When cultural anthropologist and investigative journalist Adriana Páramo read about a woman named Esperanza in the local paper—a mother who had walked across the Mexico/U.S. border with her children, only to have her baby girl die along the way—she immediately knew she had to find this woman. Esperanza had faced an impossible choice: bury her daughter in the desert, or carry her body across the border.
While searching for Esperanza and her story, Páramo found dozens of undocumented women who had endured lives of hardship, who had their own stories of heartbreak and endurance. Páramo immersed herself in the underground world of the undocumented field workers, working side by side with the women. Looking for Esperanza, her book about the experience, and about the untold stories of undocumented farmworkers in Florida, won Benu Press’s 2011 Social Justice and Equity Award in Creative Nonfiction.
I met Adriana Páramo in 2009, as she was working on her first book. We became good friends, and together, we produced Life Out Loud, a reading series that brought true stories to a live audience. I had the opportunity to read advanced copies of both Looking for Esperanza and My Mother’s Funeral, her memoir about growing up in Colombia and losing her mother.
Páramo currently lives and writes in Doha, Qatar. Over the last couple of weeks, we chatted about her books, her work as a petroleum engineer and anthropologist, the world of migrant workers, growing up in Colombia, and her current project, a book about working with immigrant women in Kuwait.
The Rumpus: You’ve written about being a woman in “a man’s world,” working as a petroleum engineer, the hardships and obstacles you faced. How did you make the transition from petroleum engineer to anthropologist to writer?
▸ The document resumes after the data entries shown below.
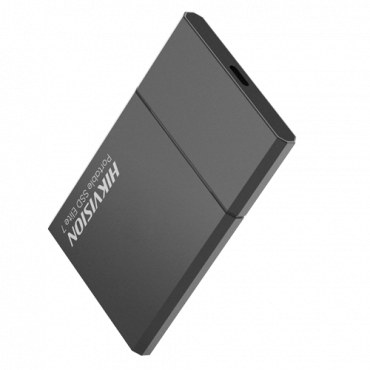 HS-ESSD-ELITE7-G-500G: Hikvision SSD portable hard disk 1.8" - Power and lightness in a small format - Capacity 500GB - USB interface 3.2 Gen2 Type C - Transfer rate up to 1060 MB/s - Weatherproof IPX7 - Aluminium alloy housing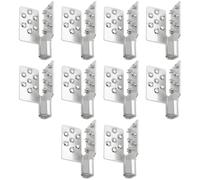 YINETTECH Lot de 10 connecteurs à sertir - Pinces de montage - Pour chauffage infrarouge - Pour installation de tissu chauffant en carbone infrarouge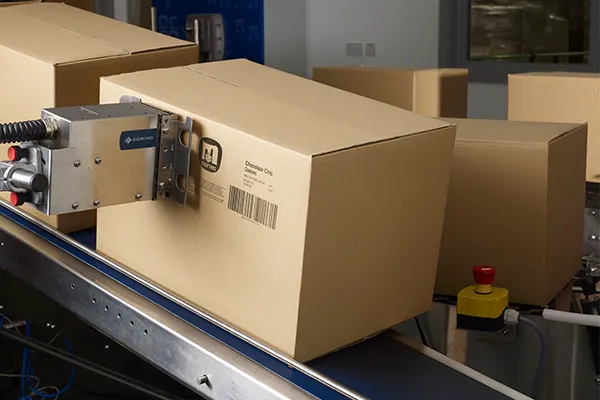 Cx350i-remote-head-printing-on-incline Vertical large character printing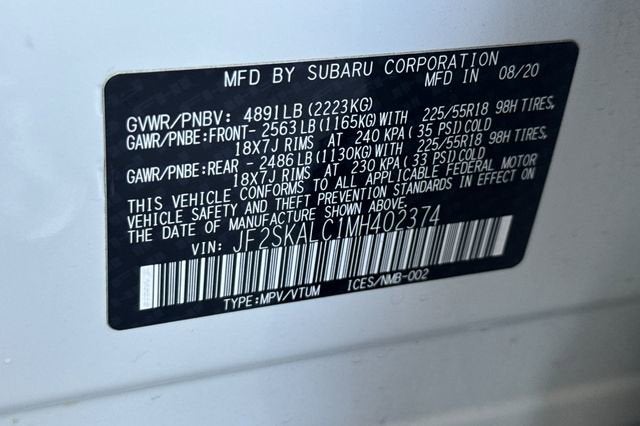 2021 Subaru Forester Sport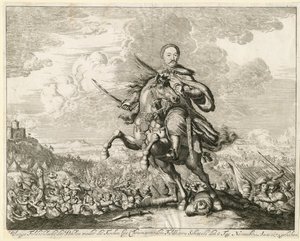 Le roi Jean III Sobieski à la bataille de Khotyn le 11 novembre 1673, 1673 - Unbekannt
Adriana Páramo: The truth is it sounds more difficult than it really was. The transition happened in slow motion, almost as if my life was a libretto that someone had already written for me. During my senior year in high school, I took an aptitude test. The results were conclusive: stay away from numbers and focus on the social sciences. That’s all I needed to hear. To prove my career counselor wrong (and my mom, of course), I applied to the School of Mines at the Medellín National University, passed the three entrance tests, and got accepted into the Petroleum Engineering program. It took me seven years to graduate (something to do with marrying an alcoholic, being a single mom, working full-time), but I did it.
I always knew that engineering was not my true calling. So after about ten years, I decided to divorce myself from the oil industry and uproot my life in Colombia. I was at a point in my life where I needed radical changes (something to do with marrying another jerk). Alaska represented, by far, the most radical geographical change available to me at the time. So I packed my books and my little girl’s toys and we made our way to the Last Frontier, where I went back to college and three years later, I graduated as a cultural anthropologist.
In 1996, I had the opportunity to move to Kuwait (something to do with my third husband getting a job offer—I know, I can’t believe it either), where I conducted research for my doctoral dissertation. That was the first time I wrote in English. The dissertation was laden with statistics and footnotes and scientific language, but working on it gave me the writing bug. Later, I was invited to share the results with Amnesty International and an anti-slavery organization, and I was forced to soften the information, to do some serious tone changes, to turn hard data into compelling narrative. That was it: I was hooked.
Rumpus: So the book you’re working on now—your third book—is it a memoir about your time in Kuwait? What kind of work did you do there?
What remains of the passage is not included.